(Dataset entries)
== Segment start ==

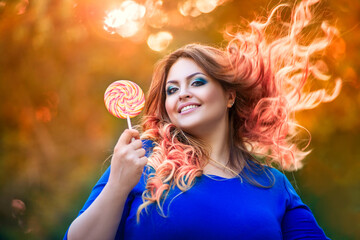 Happy plus size model with big lollipop outdoors, fat woman in autumn park among yellow leaves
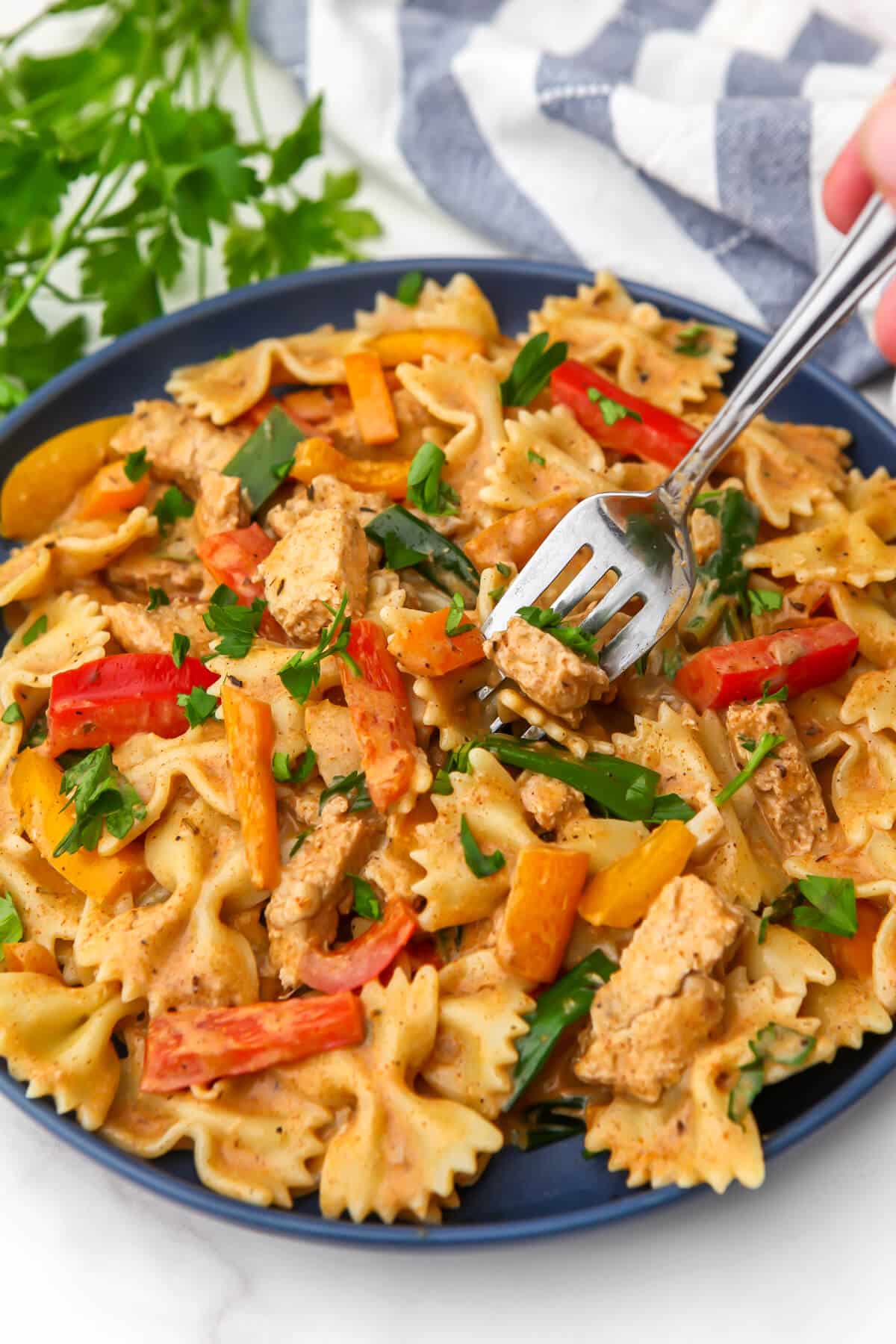 A plate full of creamy vegan Rasta pasta made with bell peppers, and coconut milk with Jamaican Jerk seasoning.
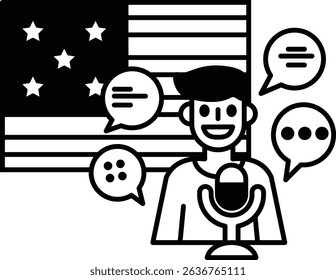 A man is talking into a microphone in front of an American flag. The man is smiling and the flag is black and white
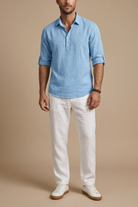 Man wearing a blue linen shirt and white pants against a beige background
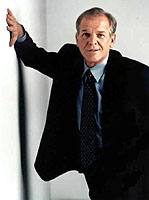 John Spencer holding up a wall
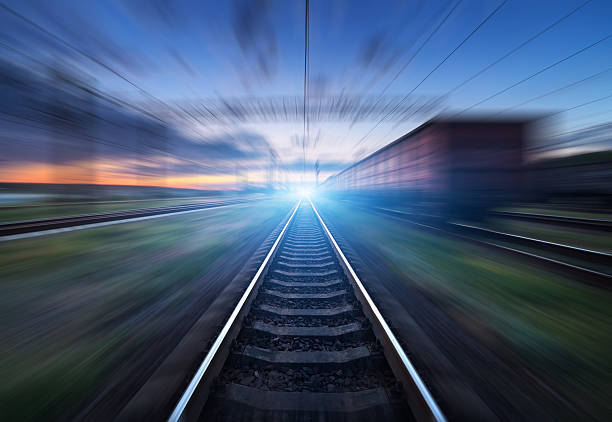 istock Railway station with cargo wagons in motion blur effect 589436262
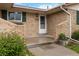 Close-up of the front door, showcasing brick accents, planter, and the house number 6288 at 6288 S Harlan Way, Littleton, CO 80123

== Segment end ==

| EXERCISE DESCRIPTION |
Restate the data exactly, though only from the line that contains "John Spencer holding up a wall" through its last line, both ends included and with the pictures left out.

| YOUR RESPONSE |
 John Spencer holding up a wall
 istock Railway station with cargo wagons in motion blur effect 589436262
 Close-up of the front door, showcasing brick accents, planter, and the house number 6288 at 6288 S Harlan Way, Littleton, CO 80123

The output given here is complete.